*** Begin section ***

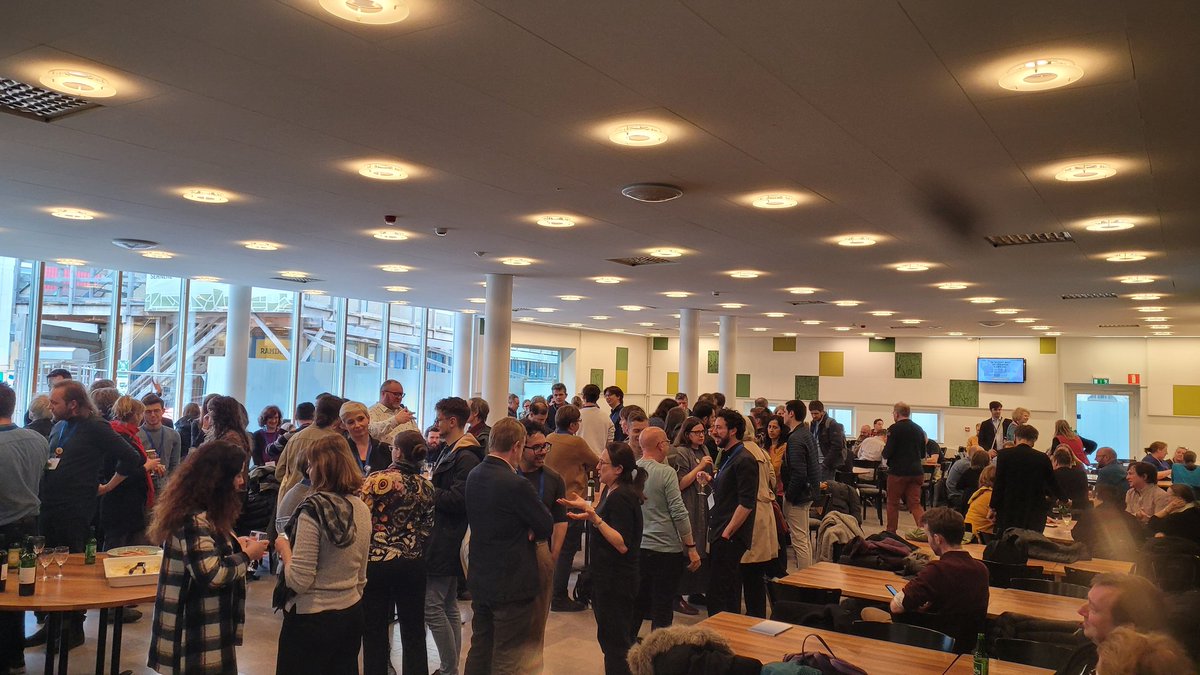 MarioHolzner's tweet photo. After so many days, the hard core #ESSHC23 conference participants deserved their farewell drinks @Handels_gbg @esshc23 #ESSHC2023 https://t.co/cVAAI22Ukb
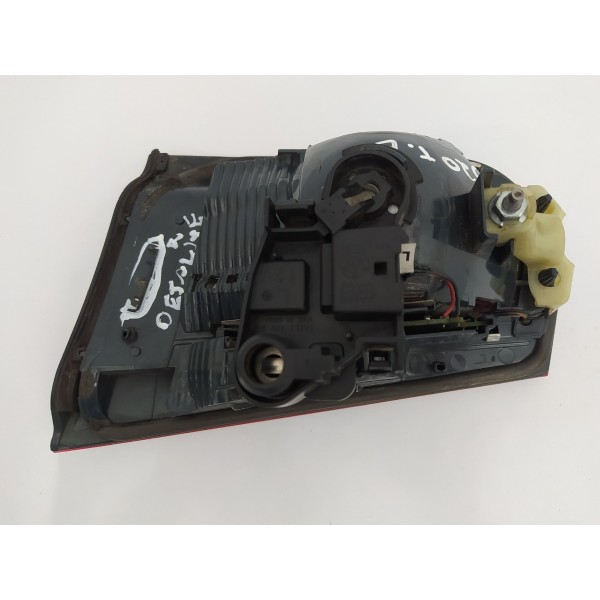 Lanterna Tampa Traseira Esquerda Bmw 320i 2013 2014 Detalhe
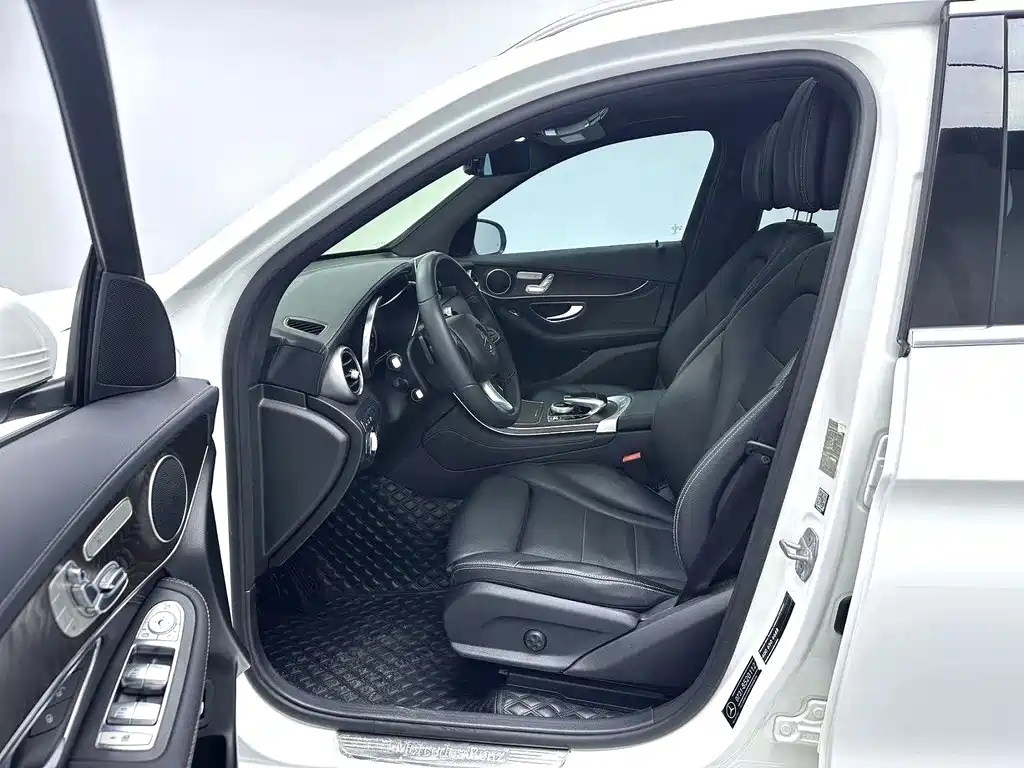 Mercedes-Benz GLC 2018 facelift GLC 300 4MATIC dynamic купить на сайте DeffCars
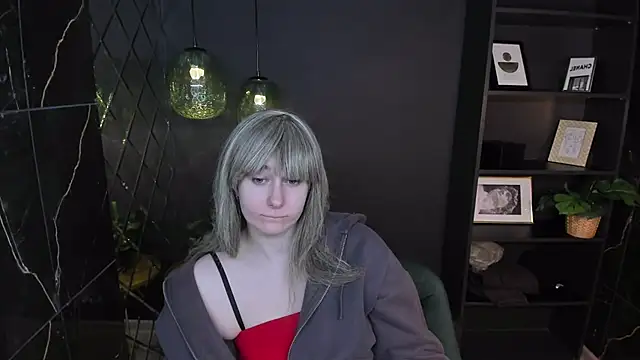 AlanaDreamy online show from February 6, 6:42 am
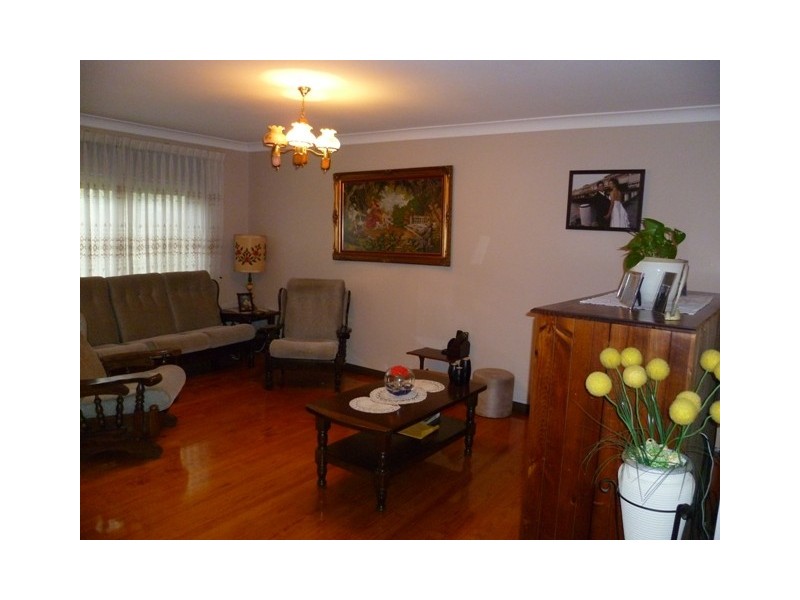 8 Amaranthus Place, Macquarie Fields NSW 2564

*** End section ***

Exercise aim
All of the records above must be copied exactly, except for the pictures.

Solution to the problem
 MarioHolzner's tweet photo. After so many days, the hard core #ESSHC23 conference participants deserved their farewell drinks @Handels_gbg @esshc23 #ESSHC2023 https://t.co/cVAAI22Ukb
 Lanterna Tampa Traseira Esquerda Bmw 320i 2013 2014 Detalhe
 Mercedes-Benz GLC 2018 facelift GLC 300 4MATIC dynamic купить на сайте DeffCars
 AlanaDreamy online show from February 6, 6:42 am
 8 Amaranthus Place, Macquarie Fields NSW 2564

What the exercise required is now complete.